The Court noted that earlier cases had upheld disparate impact claims in employment discrimination when the statutes focused on consequences of actions rather than just motivation. Those statutes were Title VII of the 1964 Civil Rights Act and the Age Discrimination in Employment Act of 1967. The FHA makes it unlawful to “otherwise make unavailable” housing because of race or other characteristics. 42 U.S.C. §3604(a). That wording refers to consequences and thus supports a disparate impact approach. The mere fact that the statute makes actions illegal if they are undertaken “because of race” does not mean the statute requires a showing of intentional discrimination. Moreover, the 1988 amendments to the Fair Housing Act (which added “handicap” as a protected class among other things) showed that Congress approved of the uniform case law that had interpreted the FHA to include a disparate impact claim. Justice Kennedy’s opinion refers to Congress’s explicit consideration of disparate impact claims by reference to legislative history and its rejection of a proposed amendment that would have eliminated disparate impact claims. Moreover, the 1988 Act included 3 exemptions from disparate impact claims that would have been superfluous had they not been available. For example, the 1988 amendments provided that “[n]othing in [the FHA] limits the applicability of any reasonable . . . restrictions regarding the maximum number of occupants permitted to occupy a dwelling.” 42 U.S.C. §3607(b)(1).

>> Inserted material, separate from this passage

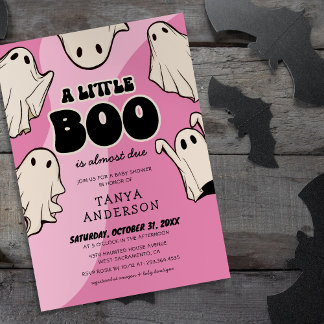 Retro Halloween Little Boo Baby Shower Kaart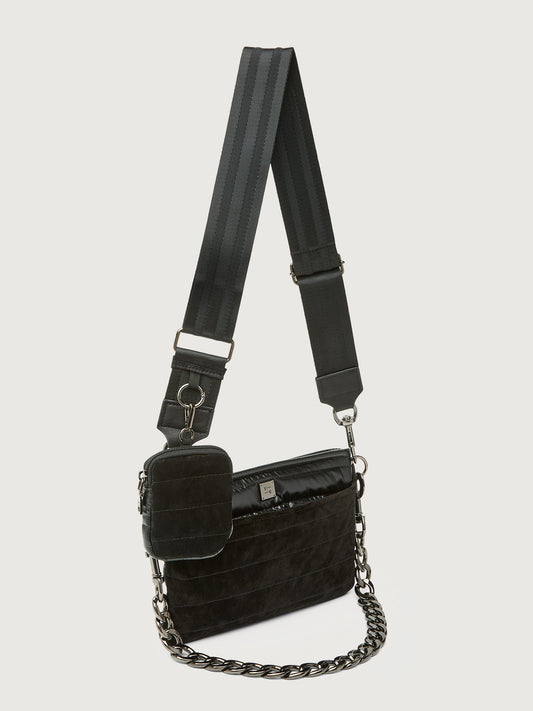 Carbon38 | Downtown Crossbody - Black Suede & Pearl Black/Black Web Gunmetal Hard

At the same time, the Court held that the Constitution prohibits enforcing a disparate impact claim based solely on statistical evidence of a disparity; rather, plaintiffs must show that defendant’s policy causes the disparity and that “there is an alternative practice that has less disparate impact and serves the [defendant’s] legitimate needs.” Because actors must be able to achieve legitimate government or private policies, such policies are not contrary to the disparate-impact requirement unless they are “artificial, arbitrary, and unnecessary barriers” to equal access to housing. Mainly because of this limitation on the applicability of disparate impact claims, the Court remanded for consideration of whether the Texas policies met this standard.
Remedial orders must be limited to eliminating the offending practice and should be race-neutral where possible.
The Court’s recognition of disparate impact claims preserves their function in the context of zoning laws. In explaining the “discriminatory practices” the disparate impact claim was intended to eradicate, the Court explained: “These unlawful practices include zoning laws and other housing restrictions that function unfairly to exclude minorities from certain neighborhoods without any sufficient justification. Suits targeting such practices reside at the heartland of disparate-impact liability,” (citing the foundational case of Huntington Branch, NAACP v. Huntington, 844 F. 2d 926, 935–936 (2d Cir 1988), among other cases).
Importantly, the Court clarified that disparate impact claims are available against both private and governmental defendants, rejecting a theory that at least one Circuit had adopted in the past.
It appears that the recent regulations of the Department of Housing and Urban Development that define disparate impact claims are largely consistent with the Supreme Court’s analysis but whether that is actually so may need to await further litigation. Implementation of the Fair Housing Act’s Discriminatory Effects Standard, 78 Fed. Reg. 11460 (2013), 24 C.F.R. §100.500.